[Image-text web data]
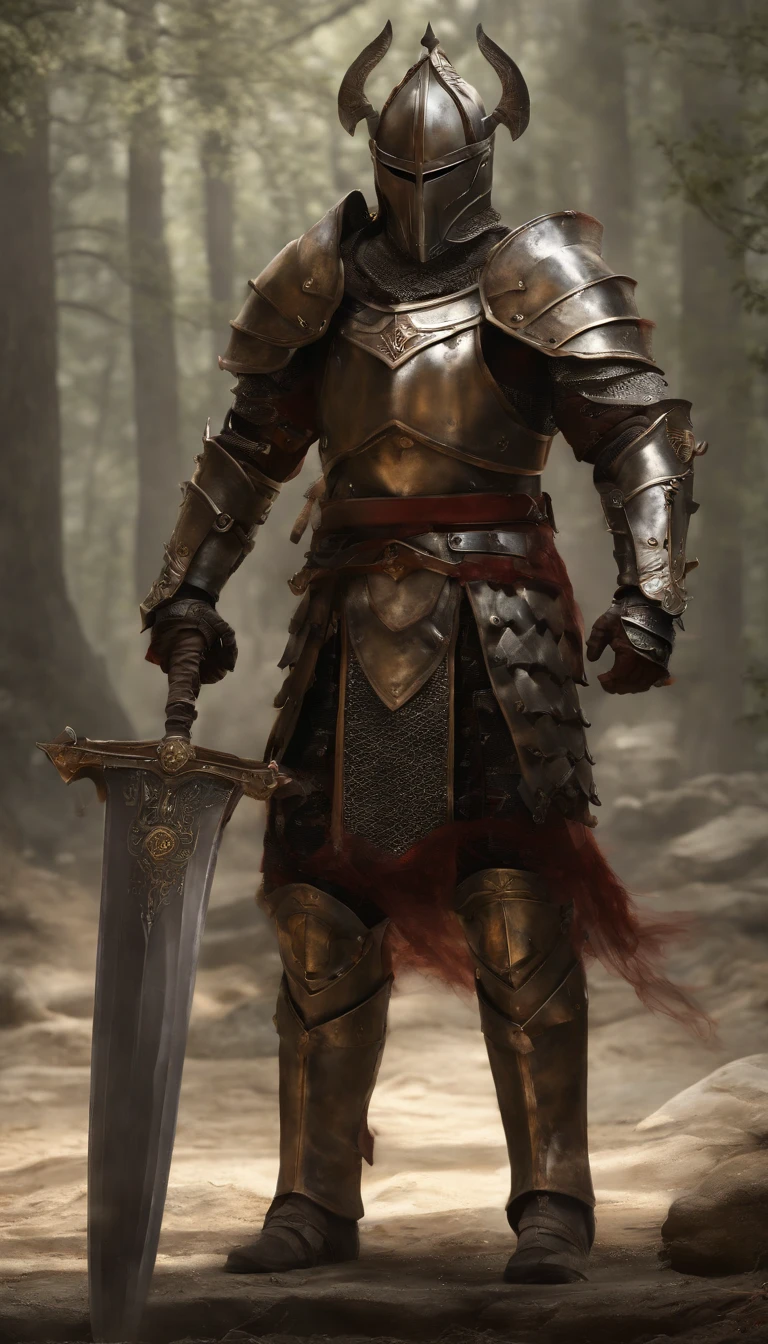 (Best quality,4K,8K,A high resolution,Masterpiece:1.2),Ultra-detailed,(Realistic,Photorealistic,photo-realistic:1.37),A sword-wielding demon armor warrior stood in the hall, Full body portrait of the mysterious knight, Wearing heavy armor,A sacred warrior wielding a legendary sword, Mythical warriors in full-body armor, A golden knight with divine armor, The helmet is decorated with the devil's horns, The eyes glow blood-red, Concept art for glorious figures, Crimson Armor Knight, Epic Paladin armor, Holy medieval knight, Kneel on one knee, Blades embedded in the earth, submission, Full body shot.
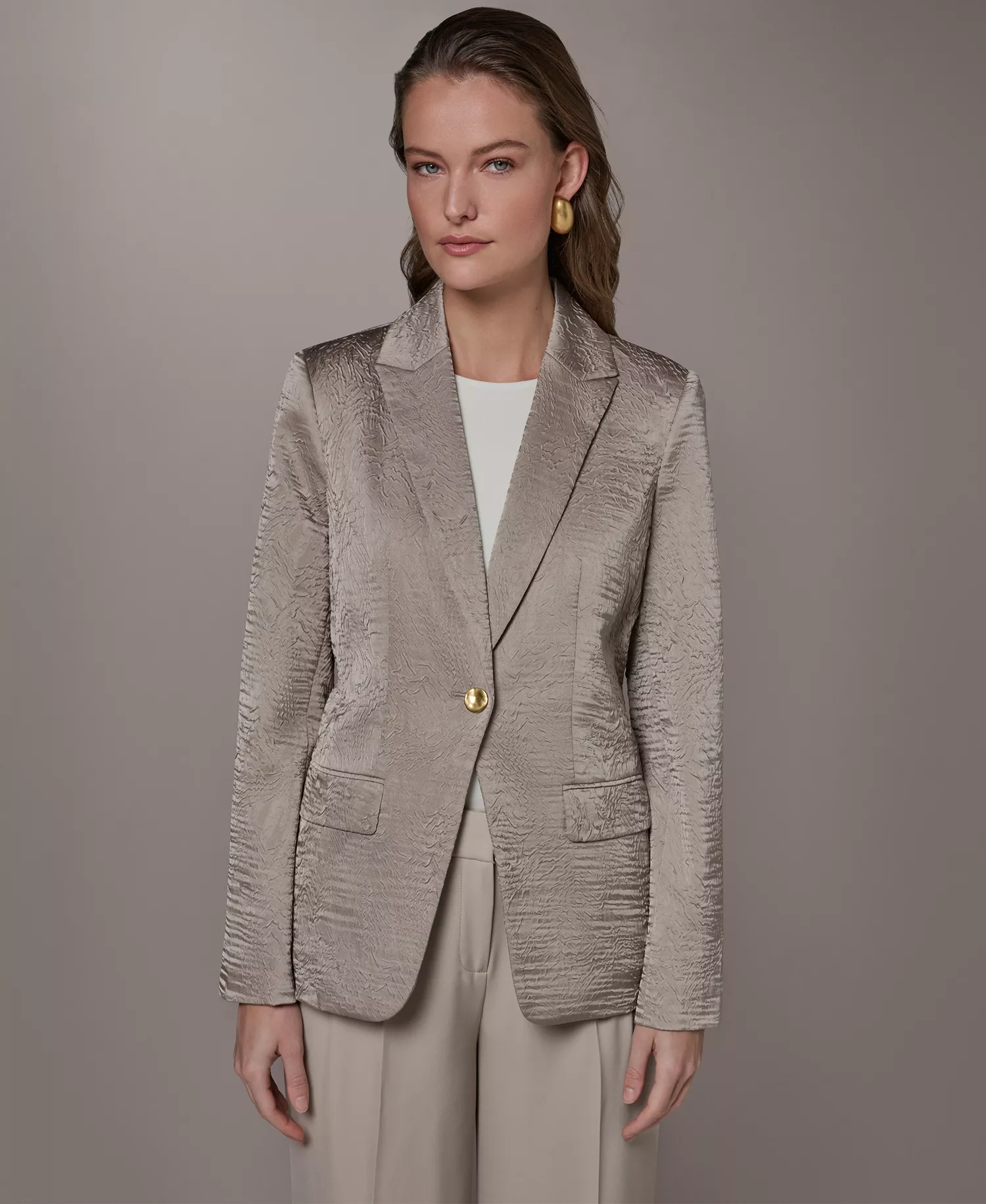 Women's Novelty One-Button Peak Lapel Blazer - Turin - 0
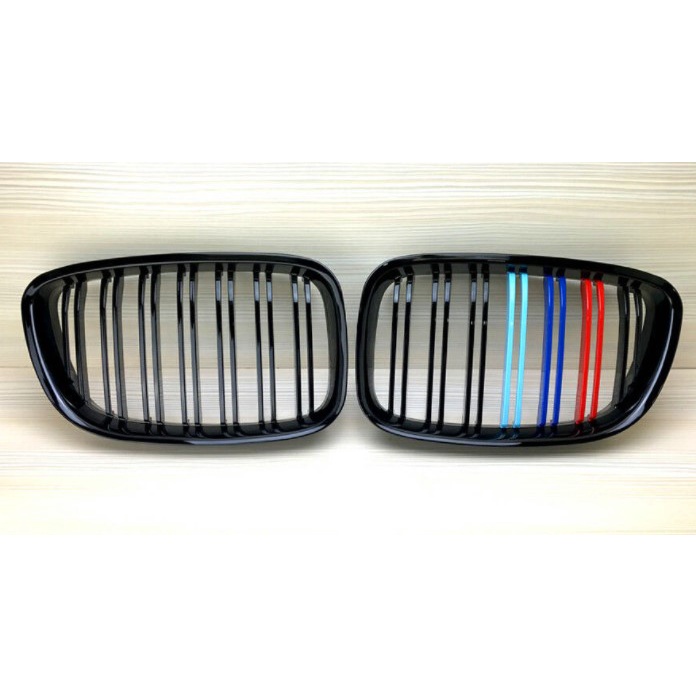 現貨 BMW F07 520 528 535 GT 5系列 雙槓 水箱罩 亮黑 三色 雙線 改裝品 鼻頭 水箱護罩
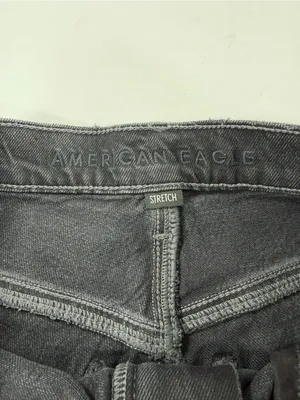 American Eagle Y2K Grunge Black Denim‎ Cutoff Shorts Distressed Raw Hem Womens 4 thumbnail 8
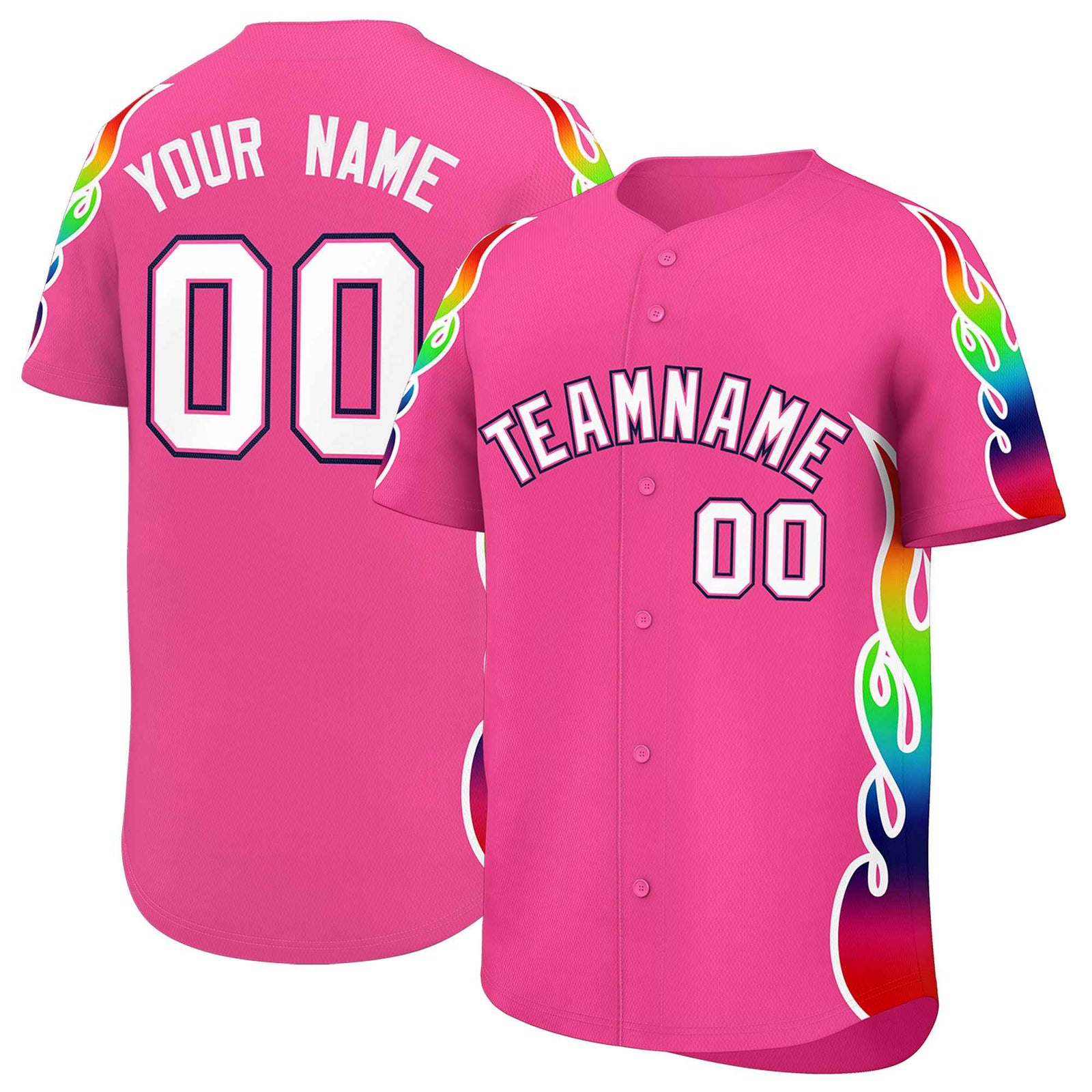 Custom Pink Graffiti Pattern Personalized Multicolored Flames Print Authentic Baseball Jersey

• _Task_
Pictures are to be left out while the lines from the beginning of the records through the line with "現貨 BMW F07 520" are copied word for word.

• _Task response_
 (Best quality,4K,8K,A high resolution,Masterpiece:1.2),Ultra-detailed,(Realistic,Photorealistic,photo-realistic:1.37),A sword-wielding demon armor warrior stood in the hall, Full body portrait of the mysterious knight, Wearing heavy armor,A sacred warrior wielding a legendary sword, Mythical warriors in full-body armor, A golden knight with divine armor, The helmet is decorated with the devil's horns, The eyes glow blood-red, Concept art for glorious figures, Crimson Armor Knight, Epic Paladin armor, Holy medieval knight, Kneel on one knee, Blades embedded in the earth, submission, Full body shot.
 Women's Novelty One-Button Peak Lapel Blazer - Turin - 0
 現貨 BMW F07 520 528 535 GT 5系列 雙槓 水箱罩 亮黑 三色 雙線 改裝品 鼻頭 水箱護罩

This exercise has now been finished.